I am a total fanboy of Netflix. They have just announced the creation of their own content to compete with HBO and Showtime. They are currently adding tons of new TV series. They have close to 100,000 show - if you can't find something something on this service you need to branch out a little with your viewing. The kids content is amazing. The BBC options are great. 

They have even added fantastic shows such as Top Gear. For the flexibility, I can start watching on my desktop or theatre, then pause it and watch the rest on my iPhone on the West Coast Express, it is great!


----------



## couch

Just an FYI - you can watch Iron Man 2 on netflix.ca


----------



## sdfish223

hoolagal said:


> i have no idea why they do not offer movies that are out for rent on dvd or available on pay per view ...

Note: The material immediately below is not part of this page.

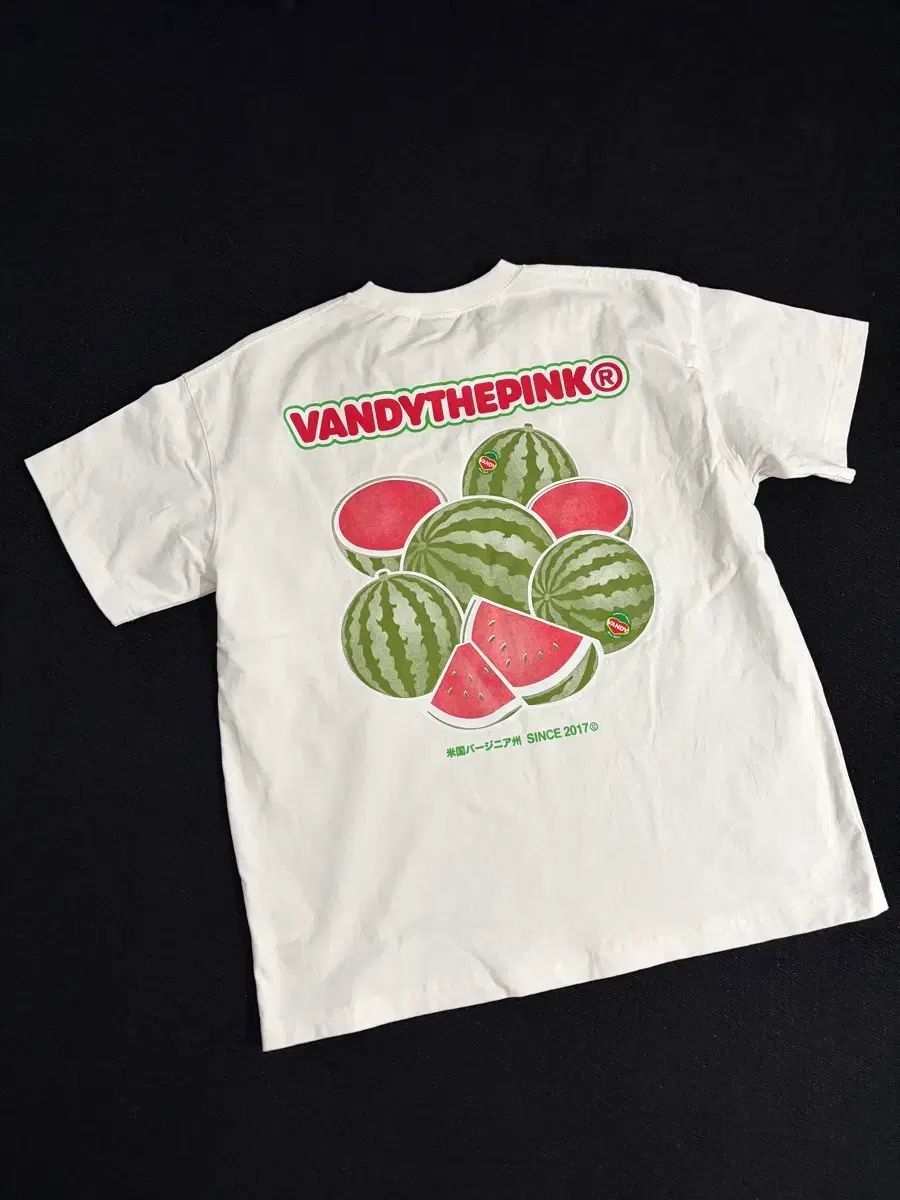 バンディダピンク 半袖T スイカ グラフィック Tシャツ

Last I had read it was due to licensing issues with the studios.


----------



## neven

Even though im not a car fanatic, i do find top gear to be quite entertaining.
My wife and I browsed through the available kids programs and its quite extensive. Comparing it to the cost from shaw or telus and it definitely beats out their package deals (shaw you need 2 tiers, and telus an addon package roughly the same cost as netflix)


----------



## Theratboy_101

neven said:


> it's not a gray area. It is illegal, but no penalty is involved.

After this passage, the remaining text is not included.